Lastly, Satsuma split its forces in half to make a two-pronged attack, one by sea and one by land. This split was decisive in the capture of Shuri Castle.
As for Ryūkyū’s shortcomings, there were many, but the most glaring of which being, for a nation famed for wide-spread maritime trade used to fighting off pirates, there was zero response from Ryūkyū’s navy. Intercepting Satsuma’s fleet before they reached Okinawa, or even Amami Ōshima, would’ve been a game changer. Satsuma had 3,000 men in a fleet of 100 ships. Ryūkyū’s navy had 70–100 ships. Had there been a naval battle, given the prowess of Ryūkyūan sailors, Satsuma’s army would’ve been crippled and would certainly struggled to capture even the Amami Islands.
The second major failure was the response from the Ryūkyūan army after Satsuma landed on Okinawa. When the Satsuma fleet came to Unten Harbor in Northern Okinawa, the troops in nearby Nakijin Castle did nothing. Satsuma attacked and captured the castle. An army of reportedly 1,000 marched north to assist the defenders at Nakijin, but reportedly half the army was lost. After that, Satsuma landed an army in Yomitan, near where the Americans would land 336 years later, and very near Zakimi Castle. Three more major gusuku were between the samurai and Shuri Castle: Katsuren, Nakagusuku, and Urasoe. Again, the defenders stayed in their positions and let the samurai pass. Satsuma attacked and captured Urasoe Castle before moving on Shuri. Had the Ryūkyūan soldiers stationed at the other gusuku actually attempted to attack Satuma’s forces, the samurai would’ve been stopped and possibly surrounded.

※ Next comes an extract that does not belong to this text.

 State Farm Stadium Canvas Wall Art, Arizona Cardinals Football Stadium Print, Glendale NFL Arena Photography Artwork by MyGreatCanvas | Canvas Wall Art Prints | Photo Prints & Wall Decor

The last major failure was actually in part due to Ryūkyū’s only success: the defense of Naha from the naval attack. While Satsuma’s army marched overland towards Shuri, their fleet attemped to capture Naha via Naha Port. On either side of the entrance to the harbor stood a gusuku with an iron boom chain between them. Each gusuku had heavy artillery which blasted Satsuma’s ships. Most of Ryūkyū’s soldiers in the Naha-Shuri area moved to defend the harbor, but this left Shuri Castle’s defense weak and open to attack. Reportedly 3,000 troops had assembled to defend Naha from the naval attack. Had such a large force been present at Shuri Castle, the samurai wouldn’t have even gotten close with only half their army. The only reason why Satsuma won even when they were outnumbered is because they captured King Shō Nei. Had the King retreated to a gusuku further south or even to the southern islands of Miyako or Ishigaki, Satsuma’s army would’ve been crushed even after taking Shuri Castle. This is the senario that played out in Korea almost two decades earlier.
In conclusion, I would say that Ryūkyū lost the war due purely to strategic incompetence. It is a shame and wonder that such a small force could conquer a whole kingdom in a couple of months. But I will repeat: Ryūkyū could’ve won. It was far from the meek, defenseless and peace-loving country that many people believe it was. In fact, Ryūkyūan peichin had defeated Satsuma samurai numerous times while Ryūkyū expanded north, as far as Gajajima, just 80 miles from Satsuma’s homeland.